• _TASK INPUT_
━━━━━━

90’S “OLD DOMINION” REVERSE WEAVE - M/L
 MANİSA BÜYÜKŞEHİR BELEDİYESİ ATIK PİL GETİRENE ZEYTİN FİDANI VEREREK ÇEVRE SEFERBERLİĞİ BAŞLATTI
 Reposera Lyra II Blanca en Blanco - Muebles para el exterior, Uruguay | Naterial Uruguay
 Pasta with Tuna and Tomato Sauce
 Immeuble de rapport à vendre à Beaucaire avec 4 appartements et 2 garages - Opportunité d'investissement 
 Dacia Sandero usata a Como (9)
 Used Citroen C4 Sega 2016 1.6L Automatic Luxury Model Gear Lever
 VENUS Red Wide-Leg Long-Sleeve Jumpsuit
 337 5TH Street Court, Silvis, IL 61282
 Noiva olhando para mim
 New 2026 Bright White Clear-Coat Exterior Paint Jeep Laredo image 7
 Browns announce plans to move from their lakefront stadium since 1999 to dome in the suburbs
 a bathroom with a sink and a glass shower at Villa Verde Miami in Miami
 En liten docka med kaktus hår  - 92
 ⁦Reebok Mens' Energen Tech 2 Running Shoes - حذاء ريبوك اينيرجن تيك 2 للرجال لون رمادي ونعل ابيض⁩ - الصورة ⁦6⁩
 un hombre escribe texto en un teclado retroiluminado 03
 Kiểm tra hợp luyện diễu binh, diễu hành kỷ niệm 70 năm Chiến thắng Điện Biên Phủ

━━━━━━

• _EXERCISE_
Please copy the line that holds "a bathroom with" and each line under it through the last line above, exactly as they stand, adding nothing.

• _TASK SOLUTION_
 a bathroom with a sink and a glass shower at Villa Verde Miami in Miami
 En liten docka med kaktus hår  - 92
 ⁦Reebok Mens' Energen Tech 2 Running Shoes - حذاء ريبوك اينيرجن تيك 2 للرجال لون رمادي ونعل ابيض⁩ - الصورة ⁦6⁩
 un hombre escribe texto en un teclado retroiluminado 03
 Kiểm tra hợp luyện diễu binh, diễu hành kỷ niệm 70 năm Chiến thắng Điện Biên Phủ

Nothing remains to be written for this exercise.